Dos papas y una generación.

Benedicto XVI, siguiendo la providencia de su antecesor, ha sido ahora recibido por más de un millón de jóvenes en una de las ciudades más hermosas de su Alemania natal. La historia de estas jornadas con esta su vigésima edición ha continuado su camino de creciente manifestación de gracia y de esperanza para la Iglesia y el mundo que Juan Pablo II pudo iniciar y consolidar. Bastaría preguntarse por el convocador y por los convocados de esta Jornada para confirmarlo.

Porque, ¿Quien es el Papa que los acoge sino un joven de setenta y ocho años? El mismo teenager de la teología que le llamará Schmaus escandalizado por la novedad y frescura de su visión de la Iglesia en los tiempos del Concilio, el mismo joven desertor del ejercito nazi, el mismo hombre de Dios que desde joven nunca ha dejado de escribir poesías y de tocar el piano, el mismo profeta del Evangelio que les ha entregado a los jóvenes de hoy la pureza de la verdad revelada, sin rebajas.

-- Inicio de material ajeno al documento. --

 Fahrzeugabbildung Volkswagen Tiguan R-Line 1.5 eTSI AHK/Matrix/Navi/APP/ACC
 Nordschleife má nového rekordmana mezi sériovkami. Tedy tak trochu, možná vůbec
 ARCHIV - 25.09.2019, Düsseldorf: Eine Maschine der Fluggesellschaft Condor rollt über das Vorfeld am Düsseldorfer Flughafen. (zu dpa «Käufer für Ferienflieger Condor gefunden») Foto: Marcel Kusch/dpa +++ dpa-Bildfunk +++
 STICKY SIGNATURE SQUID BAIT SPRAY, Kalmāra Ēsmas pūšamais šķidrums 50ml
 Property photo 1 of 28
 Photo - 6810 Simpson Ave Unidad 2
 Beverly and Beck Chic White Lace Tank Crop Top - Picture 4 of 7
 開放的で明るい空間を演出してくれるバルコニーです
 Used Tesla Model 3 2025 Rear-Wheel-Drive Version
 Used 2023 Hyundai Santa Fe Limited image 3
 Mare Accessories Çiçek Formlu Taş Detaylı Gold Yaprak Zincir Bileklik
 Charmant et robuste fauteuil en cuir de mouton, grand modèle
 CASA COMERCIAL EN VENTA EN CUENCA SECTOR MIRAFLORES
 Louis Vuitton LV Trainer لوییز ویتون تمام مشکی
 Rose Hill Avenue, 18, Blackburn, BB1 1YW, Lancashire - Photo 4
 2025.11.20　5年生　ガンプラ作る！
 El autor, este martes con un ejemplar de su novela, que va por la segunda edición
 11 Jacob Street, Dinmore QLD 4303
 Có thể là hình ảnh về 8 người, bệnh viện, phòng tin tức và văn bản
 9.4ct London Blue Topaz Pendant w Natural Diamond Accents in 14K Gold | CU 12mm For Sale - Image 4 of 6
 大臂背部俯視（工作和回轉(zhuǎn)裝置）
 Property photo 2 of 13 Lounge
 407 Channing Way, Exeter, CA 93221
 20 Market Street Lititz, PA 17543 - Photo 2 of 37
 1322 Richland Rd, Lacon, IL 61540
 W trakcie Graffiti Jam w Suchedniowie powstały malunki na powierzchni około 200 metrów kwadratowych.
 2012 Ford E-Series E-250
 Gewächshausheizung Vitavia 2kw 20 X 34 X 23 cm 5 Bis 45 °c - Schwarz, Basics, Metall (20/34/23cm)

¿Y quienes son los jóvenes que han peregrinado a Colonia? Son aquellos que se han sentido interpelados por el llamamiento que Juan Pablo II el Grande les hizó cuando les convocó a esta jornada con estas palabras: “¡Jóvenes, no creáis en falaces ilusiones y modas efímeras que no pocas veces dejan un trágico vacío espiritual! Rechazad las seducciones del dinero, del consumismo y de la violencia solapada que a veces ejercen los medios de comunicación. La adoración del Dios verdadero constituye un auténtico acto de resistencia contra toda forma de idolatría. Adorad a Cristo: Él es la Roca sobre la que construir vuestro futuro y un mundo más justo y solidario”. Estos jóvenes, que son los más libres del mundo, y a buen seguro, los más felices, porque viniendo de todas partes, de todas las culturas, las naciones, las situaciones sociales, han encontrado y han elegido en sus vidas a Alguien que es capaz de transmitirles una fuerza, una capacidad de juicio y de superación, un motivo para vivir siempre en la esperanza. Han encontrado y elegido a Cristo, y decididos a recorre los caminos más variopintos que la vida les depare, una misma estrella en el cielo guiará sus sendas, y todos los días podrán llegar a la meta de sus anhelos, al Belén de su Señor, y postrarse ante él, y adorarlo, como aquellos magos de oriente, y reanudar siempre su camino con la cabeza bien alta, y no se postrarán ante nada y ante nadie, ante ningún engaño adulador, ante ningún poder paternalista, ante ningún sueño de evasión.